Sensenbrenner’s Role in Impeaching Judge Kent

Sensenbrenner was the first Representative to begin looking into the possible impeachment of Kent at the beginning of 2009.  In February, Kent pleaded guilty to obstruction of justice. This followed an investigation that resulted in a plea agreement where Kent admitted non-consensual sexual conduct with two court employees.

Kent, who was not of retirement age,
filed for disability in order to receive his full pension: a lifetime salary equivalent to his current annual pay of $174,000.  Upon hearing this, on February 26th, Sensenbrenner sent a letter to Chief Judge Edith Hollan Jones of the U.S. Court of Appeals for the 5th Circuit, asking her to thoroughly examine any request made by Kent in seeking disability.  Sensenbrenner believed the request to be a blatant attempt by Kent to work the system so that he could continue receiving a paycheck from taxpayers for the rest of his life – including his time behind bars.  Judge Jones denied Judge Kent’s disability request on May 27th. 

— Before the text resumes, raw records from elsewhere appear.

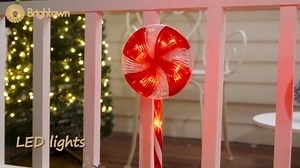 Lollipop Christmas Pathway Lights Outdoor - 29 inches 60 LED Lighted Candy Cane Decorations with 8 Lighting Modes Waterproof String Lights Plugin for Holiday Lawn Yard Patio Walkway Markers, 3 Pack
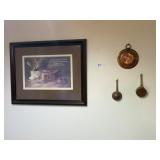 Wall Art + (3) Copper Knick Knacks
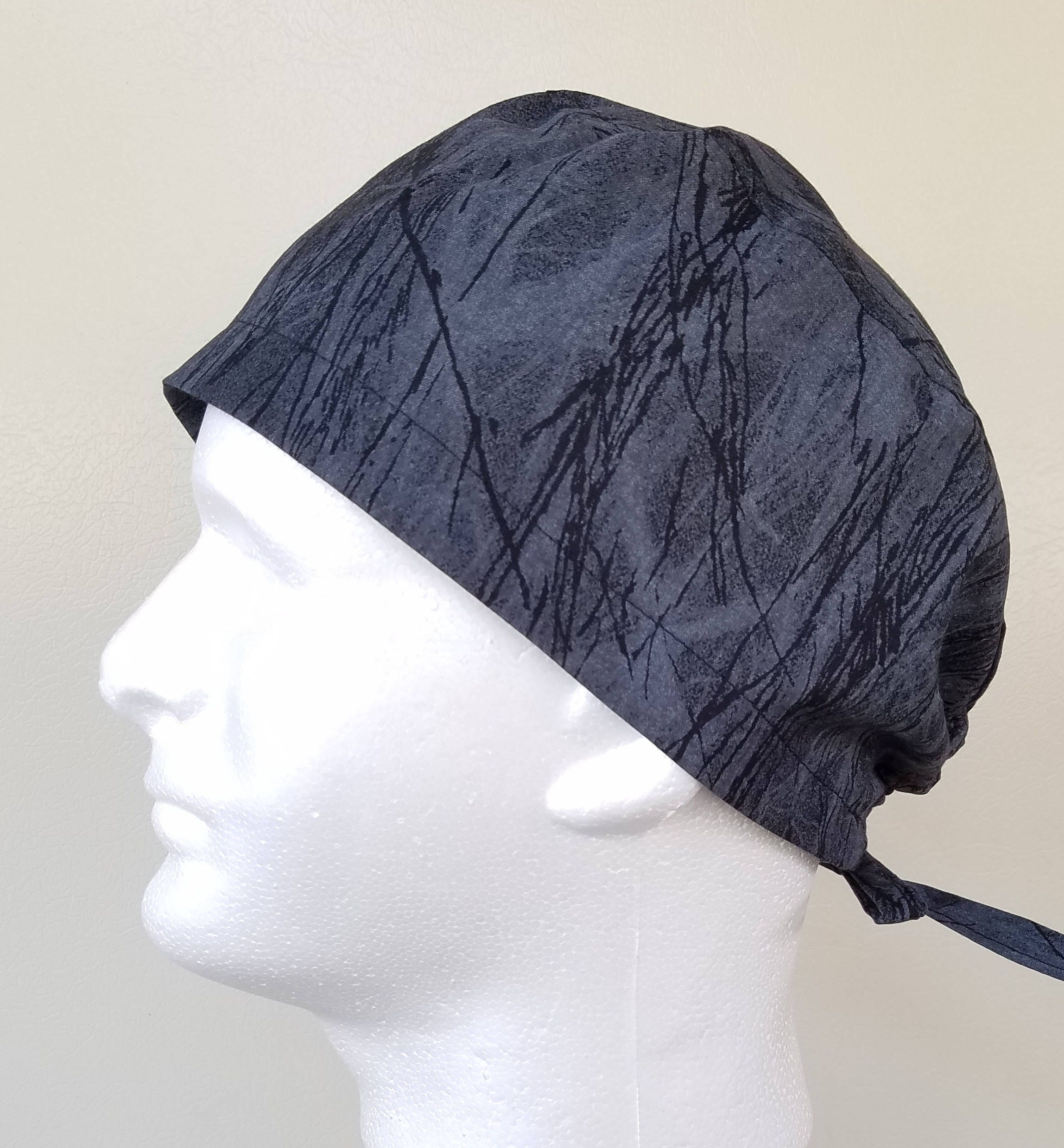Mens surgical tie back scrub hat, scrub cap, scull cap, Dr. Scrub hat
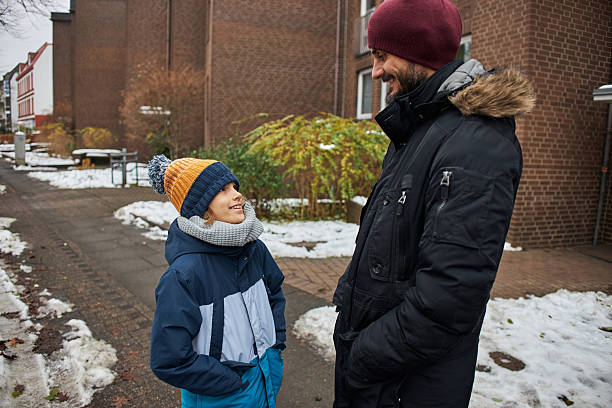 Father and son on a winter day.
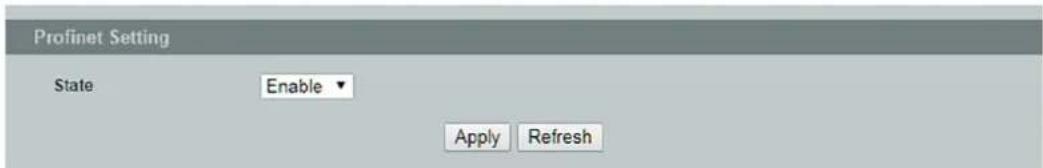 Profinet Setting State Enable Apply Refresh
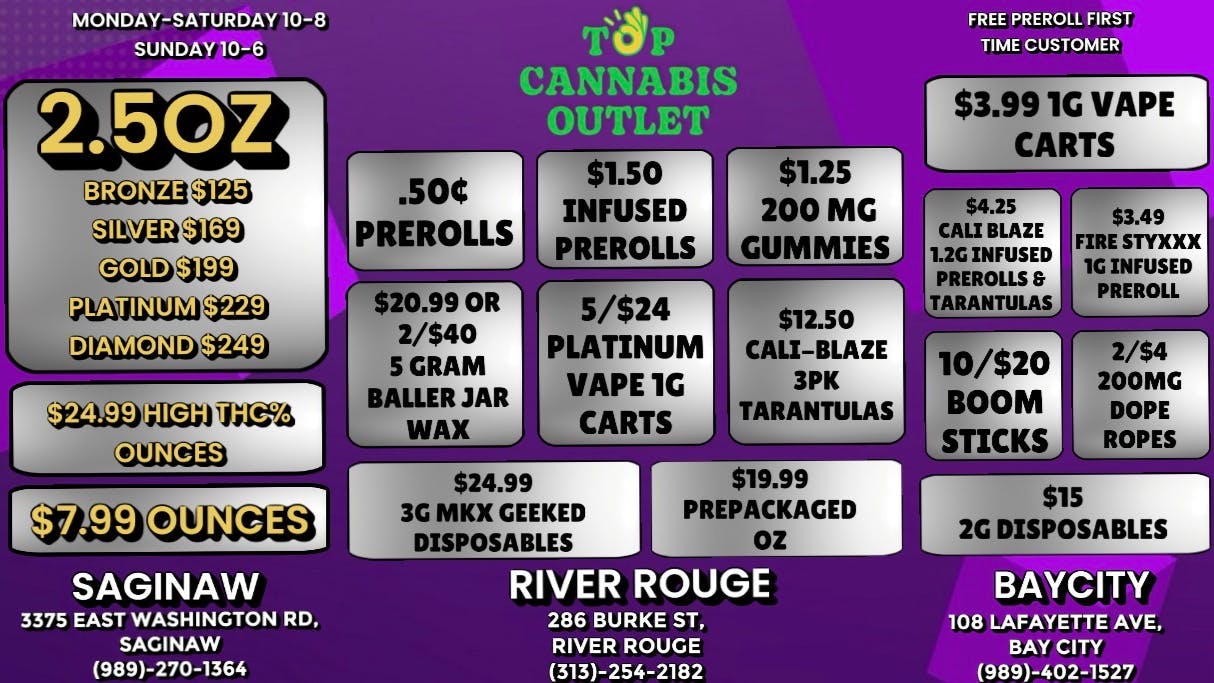 Top Cannabis Outlet - Saginaw LOWEST PRICES IN MI SAGINAW AND BAY CITY $7.99OZ !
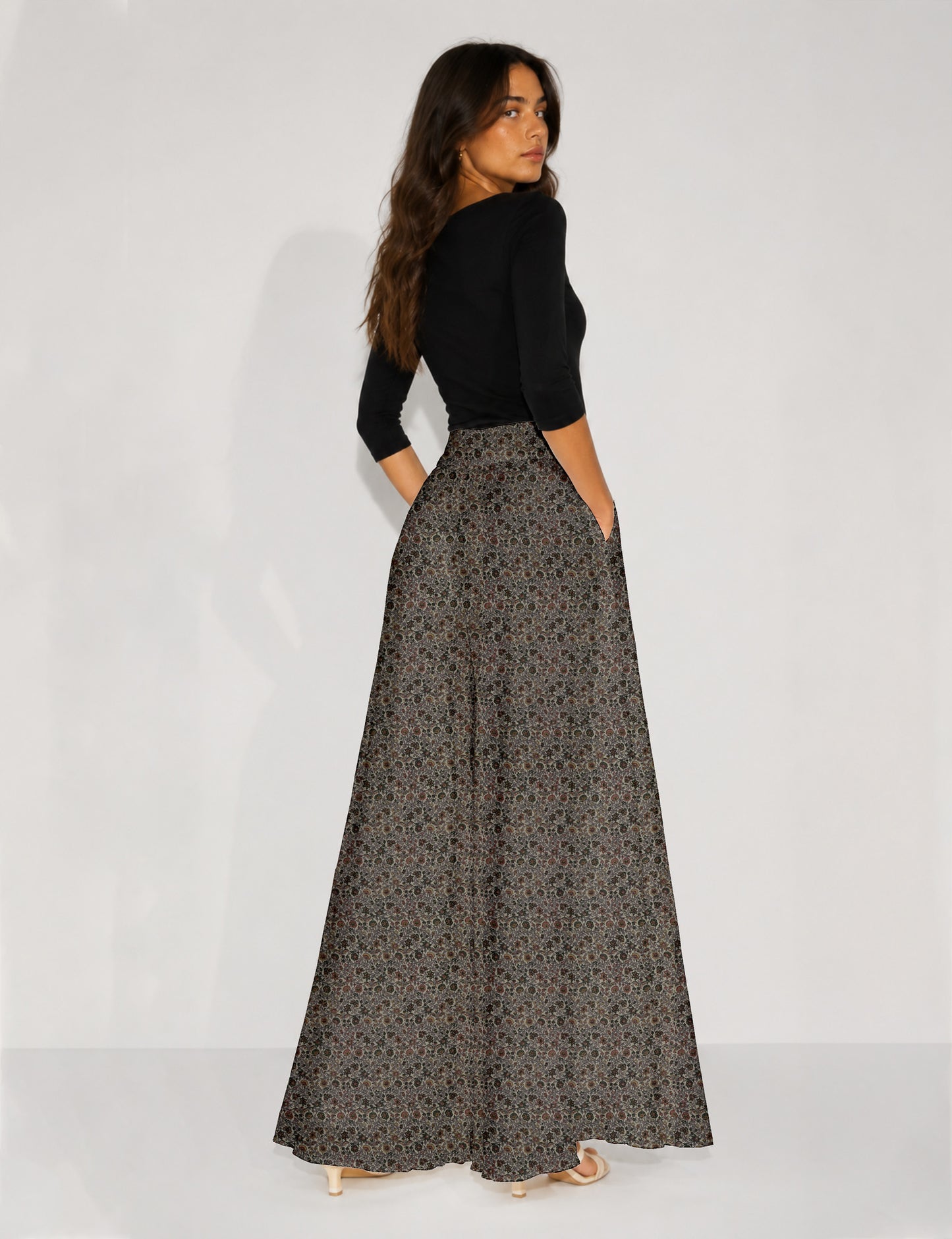 Wide Leg Palazzo Trousers - Beige Tropical
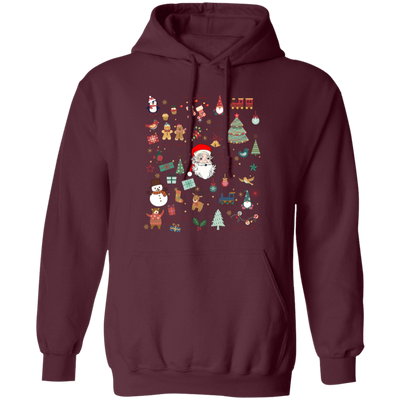 Love Noel, Funny Santa, Merry Christmas, Santa Claus Pullover Hoodie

Sensenbrenner also publicly stated in February that if Kent did not resign, he would draft a resolution for impeachment after his sentencing.  Kent was sentenced in May.  Sensenbrenner immediately filed a resolution for impeachment and publicly stated, “I encourage House Judiciary Committee Chairman John Conyers, Jr., (D-Mich.) to promptly consider this resolution.  Judge Kent has already pled guilty to high crimes and misdemeanors, and time is of the essence to restore the public’s trust in the judiciary.”


Earlier this month, Sensenbrenner served on the Judiciary Committee’s Impeachment Task Force where he heard graphic testimony from the two women Kent sexually assaulted.  The Task Force voted for the matter to be heard by the full Judiciary Committee.  On June 10th, the full Judiciary Committee voted unanimously to send the articles of impeachment to the House floor for a vote.  


 Sensenbrenner currently serves as the Ranking Member on the Subcommittee on Constitution, Civil Rights, and Civil Liberties. He previously filed impeachment resolutions against former federal judges Alcee Hastings, Walter Nixon and Manuel Real. 






 To watch Congressman Sensenbrenner's Floor Speech calling for the impeachment of Judge Kent, please click here.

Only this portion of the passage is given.